##### Recorded information #####
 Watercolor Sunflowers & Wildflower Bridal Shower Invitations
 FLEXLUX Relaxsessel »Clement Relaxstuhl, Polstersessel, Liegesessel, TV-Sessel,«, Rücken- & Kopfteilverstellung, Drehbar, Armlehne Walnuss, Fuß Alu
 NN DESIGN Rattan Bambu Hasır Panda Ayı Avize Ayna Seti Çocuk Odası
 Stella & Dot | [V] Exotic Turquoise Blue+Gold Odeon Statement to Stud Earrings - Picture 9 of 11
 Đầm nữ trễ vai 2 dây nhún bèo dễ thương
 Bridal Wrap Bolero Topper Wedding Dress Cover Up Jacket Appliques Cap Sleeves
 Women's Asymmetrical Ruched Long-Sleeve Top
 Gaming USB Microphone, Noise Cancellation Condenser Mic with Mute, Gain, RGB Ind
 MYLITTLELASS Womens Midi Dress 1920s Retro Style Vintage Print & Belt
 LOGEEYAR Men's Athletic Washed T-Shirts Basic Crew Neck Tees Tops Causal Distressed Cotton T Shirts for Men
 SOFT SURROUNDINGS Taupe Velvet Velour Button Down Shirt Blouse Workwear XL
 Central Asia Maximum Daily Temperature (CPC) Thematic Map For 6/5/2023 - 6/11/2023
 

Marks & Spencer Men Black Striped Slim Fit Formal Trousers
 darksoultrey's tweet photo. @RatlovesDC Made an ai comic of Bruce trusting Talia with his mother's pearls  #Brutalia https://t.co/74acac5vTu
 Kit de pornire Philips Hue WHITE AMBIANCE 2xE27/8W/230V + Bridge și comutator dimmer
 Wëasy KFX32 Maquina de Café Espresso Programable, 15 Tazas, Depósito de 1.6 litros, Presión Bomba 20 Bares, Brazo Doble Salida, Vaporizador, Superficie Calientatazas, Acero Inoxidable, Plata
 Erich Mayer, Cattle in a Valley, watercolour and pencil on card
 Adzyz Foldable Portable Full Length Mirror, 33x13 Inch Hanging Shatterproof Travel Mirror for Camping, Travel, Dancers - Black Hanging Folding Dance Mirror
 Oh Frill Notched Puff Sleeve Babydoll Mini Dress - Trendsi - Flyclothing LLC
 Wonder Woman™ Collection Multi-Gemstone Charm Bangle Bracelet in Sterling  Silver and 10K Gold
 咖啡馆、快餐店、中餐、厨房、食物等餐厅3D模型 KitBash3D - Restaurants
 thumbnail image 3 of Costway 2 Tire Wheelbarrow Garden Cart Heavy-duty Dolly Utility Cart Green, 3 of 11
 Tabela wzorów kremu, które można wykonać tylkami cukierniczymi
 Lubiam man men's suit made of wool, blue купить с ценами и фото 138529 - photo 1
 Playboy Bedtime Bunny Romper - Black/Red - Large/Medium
#####
**Exercise:** Every entry must come back exactly as written above.

**Answer to the problem:**
 Watercolor Sunflowers & Wildflower Bridal Shower Invitations
 FLEXLUX Relaxsessel »Clement Relaxstuhl, Polstersessel, Liegesessel, TV-Sessel,«, Rücken- & Kopfteilverstellung, Drehbar, Armlehne Walnuss, Fuß Alu
 NN DESIGN Rattan Bambu Hasır Panda Ayı Avize Ayna Seti Çocuk Odası
 Stella & Dot | [V] Exotic Turquoise Blue+Gold Odeon Statement to Stud Earrings - Picture 9 of 11
 Đầm nữ trễ vai 2 dây nhún bèo dễ thương
 Bridal Wrap Bolero Topper Wedding Dress Cover Up Jacket Appliques Cap Sleeves
 Women's Asymmetrical Ruched Long-Sleeve Top
 Gaming USB Microphone, Noise Cancellation Condenser Mic with Mute, Gain, RGB Ind
 MYLITTLELASS Womens Midi Dress 1920s Retro Style Vintage Print & Belt
 LOGEEYAR Men's Athletic Washed T-Shirts Basic Crew Neck Tees Tops Causal Distressed Cotton T Shirts for Men
 SOFT SURROUNDINGS Taupe Velvet Velour Button Down Shirt Blouse Workwear XL
 Central Asia Maximum Daily Temperature (CPC) Thematic Map For 6/5/2023 - 6/11/2023
 

Marks & Spencer Men Black Striped Slim Fit Formal Trousers
 darksoultrey's tweet photo. @RatlovesDC Made an ai comic of Bruce trusting Talia with his mother's pearls  #Brutalia https://t.co/74acac5vTu
 Kit de pornire Philips Hue WHITE AMBIANCE 2xE27/8W/230V + Bridge și comutator dimmer
 Wëasy KFX32 Maquina de Café Espresso Programable, 15 Tazas, Depósito de 1.6 litros, Presión Bomba 20 Bares, Brazo Doble Salida, Vaporizador, Superficie Calientatazas, Acero Inoxidable, Plata
 Erich Mayer, Cattle in a Valley, watercolour and pencil on card
 Adzyz Foldable Portable Full Length Mirror, 33x13 Inch Hanging Shatterproof Travel Mirror for Camping, Travel, Dancers - Black Hanging Folding Dance Mirror
 Oh Frill Notched Puff Sleeve Babydoll Mini Dress - Trendsi - Flyclothing LLC
 Wonder Woman™ Collection Multi-Gemstone Charm Bangle Bracelet in Sterling  Silver and 10K Gold
 咖啡馆、快餐店、中餐、厨房、食物等餐厅3D模型 KitBash3D - Restaurants
 thumbnail image 3 of Costway 2 Tire Wheelbarrow Garden Cart Heavy-duty Dolly Utility Cart Green, 3 of 11
 Tabela wzorów kremu, które można wykonać tylkami cukierniczymi
 Lubiam man men's suit made of wool, blue купить с ценами и фото 138529 - photo 1
 Playboy Bedtime Bunny Romper - Black/Red - Large/Medium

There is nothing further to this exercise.